It was observed that pentameric HoxEFUYH hydrogenases tend to dissociate into their NAD(P)H binding module (HoxEFU) and hydrogenase (HoxYH) parts upon purification (1517). Remarkably, the hydrogenase part alone has H2 evolving activity with reduced MV (15, 18). Analyses concerning the stoichiometry of the purified hydrogenase in our laboratory revealed only substoichiometic levels of HoxE (19). HoxE deletion mutants are devoid of hydrogen production in vivo, and the enzyme no longer evolves hydrogen upon addition of NAD(P)H in cell-free extracts (13). Addition of reduced MV to cell-free extracts of HoxE deletion mutants, however, still induces hydrogen production, and the catalytic activity of their hydrogenases as measured by H-D exchange is unaltered (13). This shows that the catalytic activity of a purified hydrogenase as measured by MV does not allow any conclusions about the integrity of the holoenzyme.
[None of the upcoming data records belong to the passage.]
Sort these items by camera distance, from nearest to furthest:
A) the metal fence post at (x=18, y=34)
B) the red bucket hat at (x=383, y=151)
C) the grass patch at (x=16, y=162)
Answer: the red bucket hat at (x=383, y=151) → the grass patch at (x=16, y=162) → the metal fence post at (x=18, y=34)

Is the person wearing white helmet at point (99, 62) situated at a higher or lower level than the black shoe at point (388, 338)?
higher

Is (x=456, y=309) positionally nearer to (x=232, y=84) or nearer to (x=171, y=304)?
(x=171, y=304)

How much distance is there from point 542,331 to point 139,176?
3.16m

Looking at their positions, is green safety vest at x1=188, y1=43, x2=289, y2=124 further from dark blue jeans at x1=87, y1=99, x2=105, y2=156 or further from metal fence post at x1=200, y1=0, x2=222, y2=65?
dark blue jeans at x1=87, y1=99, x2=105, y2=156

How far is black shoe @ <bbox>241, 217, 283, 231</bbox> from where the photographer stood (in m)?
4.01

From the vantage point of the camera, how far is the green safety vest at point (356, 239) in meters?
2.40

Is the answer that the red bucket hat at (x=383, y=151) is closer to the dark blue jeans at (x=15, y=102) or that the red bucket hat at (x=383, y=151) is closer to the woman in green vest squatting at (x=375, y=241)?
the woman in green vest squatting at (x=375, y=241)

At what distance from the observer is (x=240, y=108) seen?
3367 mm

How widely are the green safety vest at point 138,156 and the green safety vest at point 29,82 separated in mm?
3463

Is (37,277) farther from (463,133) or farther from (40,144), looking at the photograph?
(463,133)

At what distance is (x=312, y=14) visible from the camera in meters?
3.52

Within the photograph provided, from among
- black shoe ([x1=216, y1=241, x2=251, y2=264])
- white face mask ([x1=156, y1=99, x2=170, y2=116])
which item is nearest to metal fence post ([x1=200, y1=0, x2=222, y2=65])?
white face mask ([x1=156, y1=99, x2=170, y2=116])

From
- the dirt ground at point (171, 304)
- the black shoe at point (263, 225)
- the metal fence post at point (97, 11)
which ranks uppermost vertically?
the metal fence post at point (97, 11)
Therefore, activity measurements with redox partners on the purified enzyme need to be interpreted cautiously concerning statements about electron transport processes in vivo as long as the integrity of the enzyme was not verified. As the bidirectional hydrogenase might be membrane-bound with HoxE anchoring the enzyme, it might even be impossible to isolate this enzyme in its native form (14, 20, 21). To the best of our knowledge, reduced ferredoxin was only tested once as electron donor in an essay with a purified hydrogenase, where it was shown to be ineffective to induce H2 production (14). Even though all five subunits were present in this assay, conclusions concerning the integrity of the holoenzyme cannot be made due to the lack of a thorough analysis of its stoichiometry.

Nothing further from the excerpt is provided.